On April 25, 2012, the Court of Appeals rendered a decision affirming the Judgment of the RTC but with modifications. The dispositive portion of the Court of Appeals decision reads:

WHEREFORE, in view of the foregoing premises, the instant appeal is hereby AFFIRMED with the following modifications:

1) In Criminal Case No. 13971-R, each is sentenced to suffer the penalty of reclusion perpetua without the benefit of parole.
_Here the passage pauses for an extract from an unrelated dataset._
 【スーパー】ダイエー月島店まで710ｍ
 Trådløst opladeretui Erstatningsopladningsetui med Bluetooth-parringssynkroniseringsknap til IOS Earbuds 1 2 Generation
Appellants are ordered to pay, jointly and severally, the amount of Php 75,000.00 as moral damages, Php 100,000.00 as civil indemnity, and Php 50,000.00 as exemplary damages to the heirs of Elizabeth Leo;

2) In Criminal Case No. 13972-R, each is sentenced to suffer the penalty of reclusion perpetua without the benefit of parole and to pay jointly and severally the amount of Php 50,000.00 as civil indemnity, Php 50,000.00 as moral damages, and Php 30,000.00 as exemplary damages to the heirs of Namuel Aniban;

3) In Criminal Case No. 13973-R, each is sentenced to suffer an indeterminate sentence of ten (10) years and one (1) day of prision mayor as minimum to seventeen (17) years and four (4) months of reclusion temporal as maximum. Appellants are ordered to pay, jointly and severally, Php 40,000.00 as moral damages, Php 30,000.00 as exemplary damages, and Php 25,000.00 as temperate damages to Cherry Mae Bantiway; and

4) Appellants are further ordered to pay interest on all damages awarded at the legal rate of six percent (6%) per annum from the date of finality of this Decision.[36]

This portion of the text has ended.